Владимир Гиляровский в своей книге «Москва и москвичи» пишет про другой знаменитый столичный трактир — трактир Егорова:

«Нижний зал трактира «Низок» — с огромной печью. Здесь посетителям, прямо с шестка, подавались блины, которые у всех на виду беспрерывно пеклись с утра до вечера. Толстые, румяные, с разными начинками — «егоровские блины». В этом зале гости сидели в шубах и наскоро ели блины, холодную белужину или осетрину с хреном и красным уксусом. В зале второго этажа для «чистой» публики, с расписными стенами, с бассейном для стерлядей, объедались селянками и разными рыбными блюдами богачи — любители русского стола, — блины в счет не шли.»

Старозаветный, единственный в своем роде трактир Егорова упоминают в своих произведениях Бунин и Шмелев.

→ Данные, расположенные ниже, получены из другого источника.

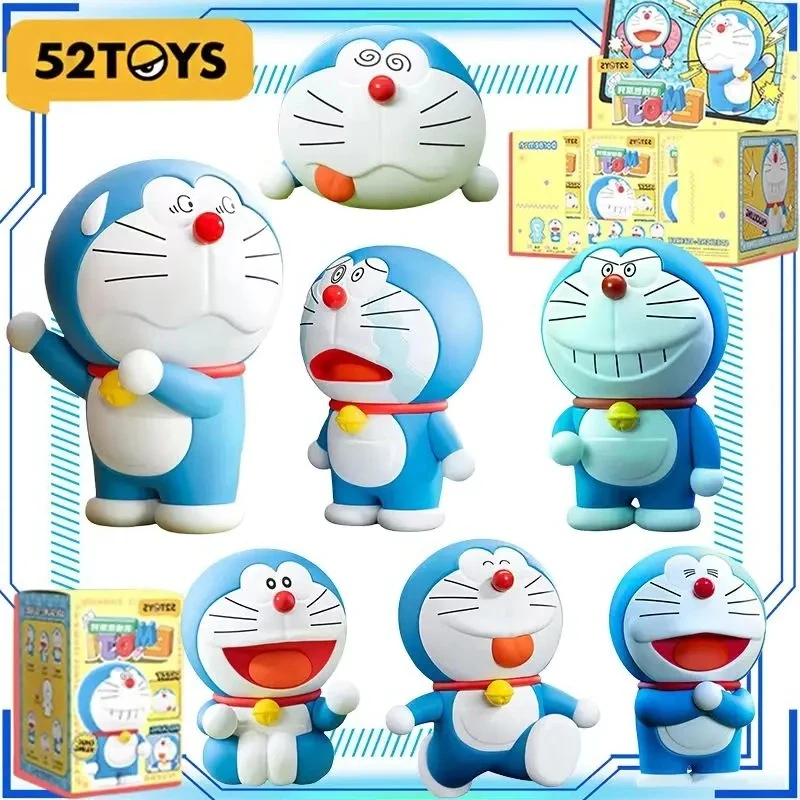 Официальная серия 52TOYS Doraemon Emoji, слепая коробка, фигурки, классический дизайн, модные игрушки, милые украшения, подарки на Хэллоуин, день рождения Официальная серия 52TOYS Doraemon Emoji, слепая коробка, фигурки, классический дизайн, модные игрушки, милые украшения, подарки на Хэллоуин, день рождения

«В нижнем этаже в трактире Егорова в Охотном ряду было полно лохматыми, толсто одетыми извозчиками, резавшими стопки блинов, залитых сверх меры маслом и сметаной, было парно, как в бане. В верхних комнатах, тоже очень теплых, с низкими потолками, старозаветные купцы запивали огненные блины с зернистой икрой замороженным шампанским» — пишет Иван Бунин в своем Чистом понедельнике — «…подошел половой в белых штанах и белой рубахе, подпоясанный малиновым жгутом… и тотчас, с особой угодливостью, начал скороговоркой: — К блинам что прикажете? Домашнего травничку? Икорки, семушки? К ушице у нас херес на редкость хорош есть, а к наважке... — И к наважке хересу, — прибавила она, радуя меня доброй разговорчивостью, которая не покидала ее весь вечер...»


И везде, заметьте, блины подают с икрой, соленой и копченой рыбой, поливают маслом или сметаной, и везде блины идут бок о бок с селянками и расстегаями. И никакого варенья и сгущенки. Так давайте же не посрамим наших предков! Давайте праздновать Масленицу широко и весело! Давайте есть блины с икрой черной астраханской, красной камчатской и «белой» сибирской — омулевой да сиговой, с ломтиком малосольной семги беломорской да нельмы-белорыбицы якутской, с налимьей печенкой, с копченой ряпушкой… Давайте печь расстегаи, варить селянку, жарить навагу и припускать осетрину!